Remember, it didn't take much to impress back then. Some basketball game on N64 was the first to have uniquely recognizable players based on the real player faces, but that is simply not impressive enough to matter now even in context when looking at the limitations of the platform.
OK, again, clarify... are you saying "1% stuff like new cartridg release" and "indie games" as separate statements, or does the "1% stuff" apply to both cart releases AND indie games, in your assessment?
Indie games are a huge industry, at least in terms of quantity of available releases. (not in dollars, necessarily, since they sell at a steep discount, in general, compared to larger releases)
In terms of the latter... I suppose that is a valid interpretation of what you said, though I suspect I am not alone in having read your statement as being about releases within the last decade (i.e. last 10 years), rather than within the 2010's, specifically. My bad, I guess, for misunderstanding your meaning. (still stands, though, that a huge, huge quantity of indie releases exist in the last 6 years that completely invalidate your otherwise absolute statement upthread)

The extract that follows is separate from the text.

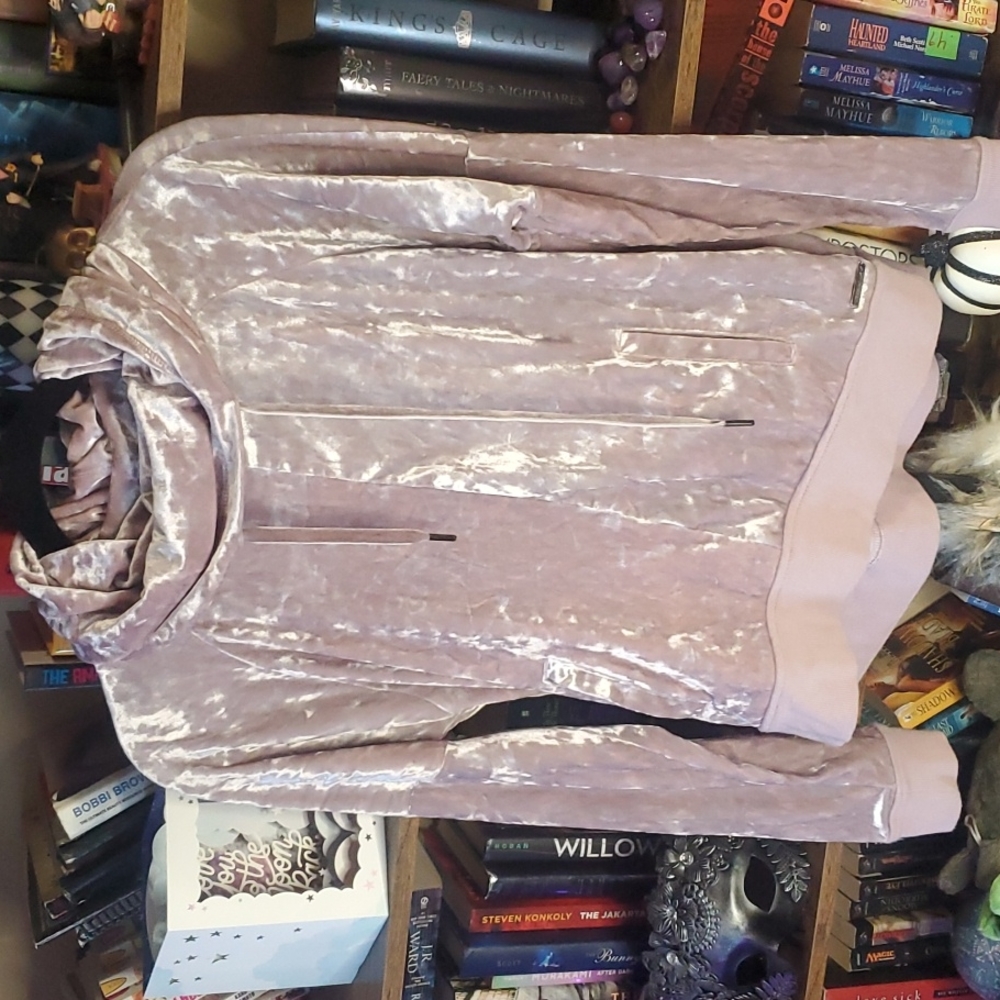 Betsey Johnson sweatshirt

If you wanted your point to be just about AAA titles, then you should have said as much instead of saying LITERALLY "ANY game, ANY system" and then clearly replying that you meant that literally
Yes I meant AAA releases. I used to like them 10 - 15 years ago, not anymore.
It sounds more like you meant to say "current mainstream" to me.
Originally posted by: Guntz
Originally posted by: guillavoie
That's not true at all, this is exactly something we understand and from where we tried to explain the signification of the idiom. One of the reason why Brock 1 loved playing Goldeneye then, and that the game has less appeal to Brock 2 today is because the game is what it is in both cases. Brock 1 changed to Brock 2 because the world around changed too. The idiom figuratively propose that the game has 'aged', but only to convey a larger meaning through a linguistic shortcut. It is an oxymoron and a metonimy.
Fine, you win, enough.
That's not really cool, but okay, I'll just step aside from this discussion.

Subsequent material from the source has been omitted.